Furthermore, lack of exercise can also cause your tortoise muscles and bones to weaken, which can cause abnormalities. You can prevent pyramiding by ensuring that you keep your tortoise in a large enclosure with enough decorations and accessories which help them to move around.
Why Is Shell Pyramiding Bad?
Shell pyramiding usually occurs because of poor enclosure conditions, improper diet, and/or poor environmental conditions. However, pyramiding can lead to several problems if it is not corrected. It can interfere with the movement of your tortoise and can also lead to disfigured limbs.

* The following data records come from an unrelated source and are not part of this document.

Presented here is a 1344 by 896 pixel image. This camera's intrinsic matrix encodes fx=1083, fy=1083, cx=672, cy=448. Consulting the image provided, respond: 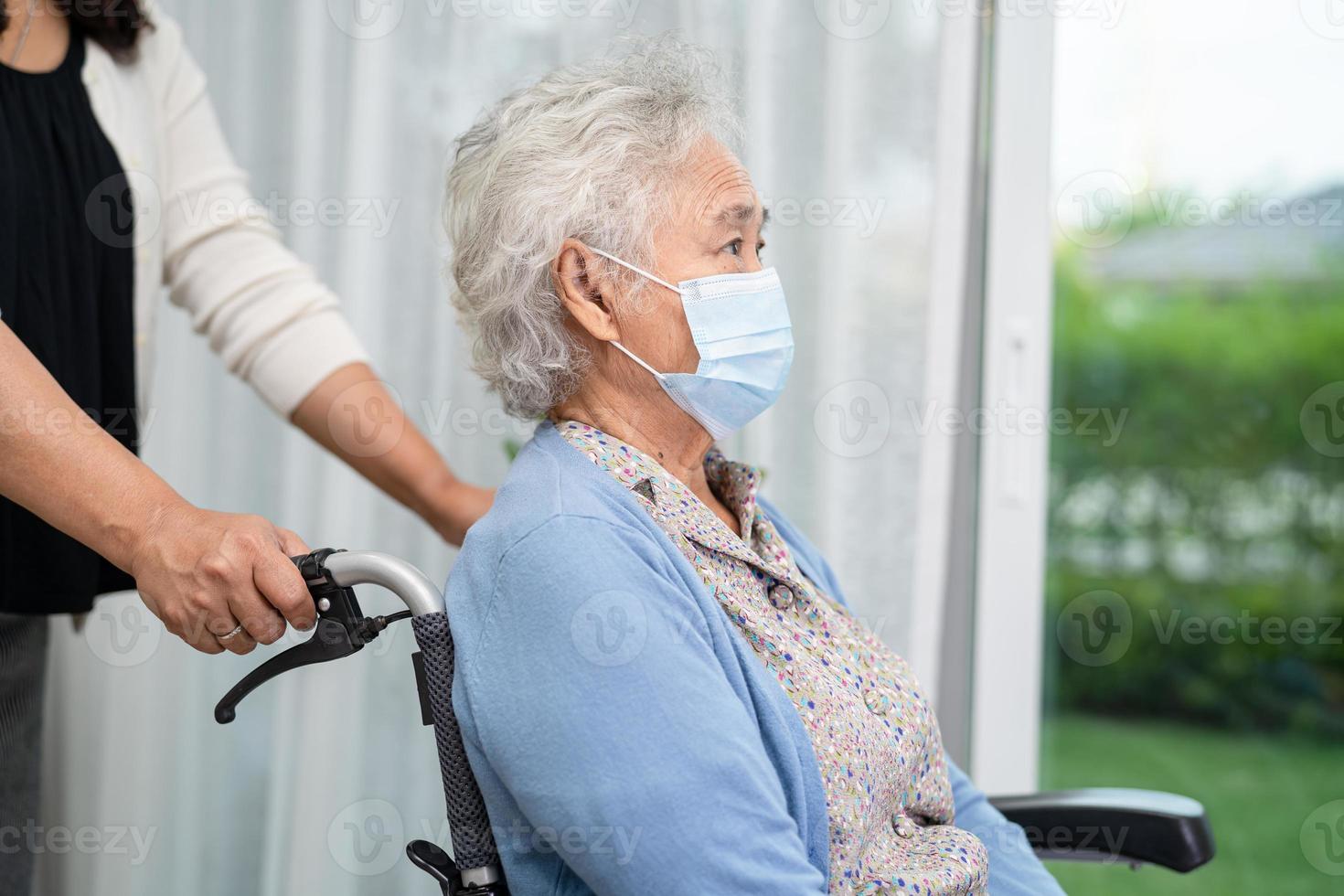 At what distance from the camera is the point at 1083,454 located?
208cm

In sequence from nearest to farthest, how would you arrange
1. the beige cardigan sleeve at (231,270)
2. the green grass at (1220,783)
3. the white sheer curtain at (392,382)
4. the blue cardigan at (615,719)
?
the blue cardigan at (615,719) → the beige cardigan sleeve at (231,270) → the white sheer curtain at (392,382) → the green grass at (1220,783)

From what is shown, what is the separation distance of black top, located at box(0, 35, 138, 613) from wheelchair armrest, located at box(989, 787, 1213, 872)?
1197 millimetres

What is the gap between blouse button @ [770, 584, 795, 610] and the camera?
116 cm

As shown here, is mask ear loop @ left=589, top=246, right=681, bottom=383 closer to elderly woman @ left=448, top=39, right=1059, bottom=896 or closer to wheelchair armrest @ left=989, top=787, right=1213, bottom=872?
elderly woman @ left=448, top=39, right=1059, bottom=896

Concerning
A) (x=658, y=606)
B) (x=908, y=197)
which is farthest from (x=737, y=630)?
(x=908, y=197)

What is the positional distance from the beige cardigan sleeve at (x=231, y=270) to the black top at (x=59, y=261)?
13 cm

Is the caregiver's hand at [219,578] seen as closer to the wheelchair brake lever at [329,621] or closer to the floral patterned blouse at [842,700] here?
the wheelchair brake lever at [329,621]

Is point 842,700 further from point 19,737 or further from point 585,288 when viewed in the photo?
point 19,737

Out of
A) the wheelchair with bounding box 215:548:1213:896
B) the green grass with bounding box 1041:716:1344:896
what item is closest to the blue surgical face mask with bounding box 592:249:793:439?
the wheelchair with bounding box 215:548:1213:896

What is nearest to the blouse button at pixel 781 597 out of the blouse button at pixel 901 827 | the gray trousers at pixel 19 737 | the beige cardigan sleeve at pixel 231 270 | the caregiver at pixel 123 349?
the blouse button at pixel 901 827

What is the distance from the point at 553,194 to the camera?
114 centimetres

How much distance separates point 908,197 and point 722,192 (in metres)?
0.84

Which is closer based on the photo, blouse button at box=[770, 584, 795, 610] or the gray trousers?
blouse button at box=[770, 584, 795, 610]

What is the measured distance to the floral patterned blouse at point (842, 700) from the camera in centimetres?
105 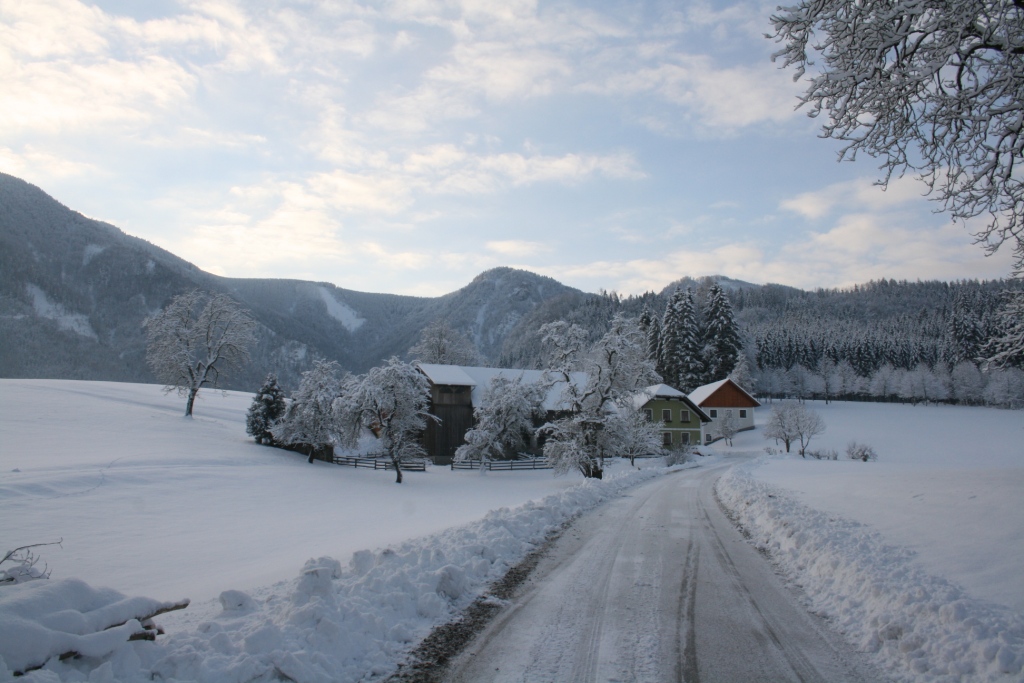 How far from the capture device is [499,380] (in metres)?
42.6

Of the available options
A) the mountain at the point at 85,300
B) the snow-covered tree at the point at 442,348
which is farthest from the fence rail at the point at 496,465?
the mountain at the point at 85,300

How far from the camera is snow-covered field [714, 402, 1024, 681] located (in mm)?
5541

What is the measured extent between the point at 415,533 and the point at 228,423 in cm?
4016

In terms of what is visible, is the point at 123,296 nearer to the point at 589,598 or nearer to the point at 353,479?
the point at 353,479

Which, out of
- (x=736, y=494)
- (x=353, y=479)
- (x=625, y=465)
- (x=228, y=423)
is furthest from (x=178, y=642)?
(x=228, y=423)

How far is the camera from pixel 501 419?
40875mm

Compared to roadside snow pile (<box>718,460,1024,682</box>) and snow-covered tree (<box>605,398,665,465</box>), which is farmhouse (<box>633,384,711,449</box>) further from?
roadside snow pile (<box>718,460,1024,682</box>)

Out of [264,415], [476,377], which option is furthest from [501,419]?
[264,415]

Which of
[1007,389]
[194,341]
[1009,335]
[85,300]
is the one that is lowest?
[1009,335]

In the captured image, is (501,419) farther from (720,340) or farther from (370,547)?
(720,340)

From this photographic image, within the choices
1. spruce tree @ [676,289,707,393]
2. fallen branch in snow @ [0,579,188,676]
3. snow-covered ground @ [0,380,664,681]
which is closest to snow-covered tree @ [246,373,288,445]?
snow-covered ground @ [0,380,664,681]

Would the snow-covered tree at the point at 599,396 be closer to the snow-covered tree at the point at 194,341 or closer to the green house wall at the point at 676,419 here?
the green house wall at the point at 676,419

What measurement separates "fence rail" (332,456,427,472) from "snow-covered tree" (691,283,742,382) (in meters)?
48.7

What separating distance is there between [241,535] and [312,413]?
21.1 metres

In severe cases, shell pyramiding can also affect the spinal cord and cause paralysis. Furthermore, shell pyramiding can cause reproductive issues as the affected female can struggle to lay eggs while the affected male can struggle to mate.
How To Determine That You Have Got Pyramiding Under Control
After you have discovered the cause of pyramiding in your tortoise, the next thing is to act immediately to help stop the condition from growing. You can easily monitor the situation by taking a picture of your tortoise as they are and then continue to do so over the coming months.
However, you need to ensure you place the tortoise in the same position and take the picture from the same distance and angle. You can then compare the pictures to check your progress.
If you notice that the tortoise condition is not improving, you should take it to the vet to help determine the cause and treat your tortoise.
Pyramiding is a common health condition that happens with captive sulcata tortoises. Once the signs of pyramiding start to show, it can be quite hard to reverse them. However, it is very easy to avoid or stop pyramiding in its tracks if you detect it early.
The best thing is that once you take steps to stop the underlying causes of pyramiding, the problem will not worsen.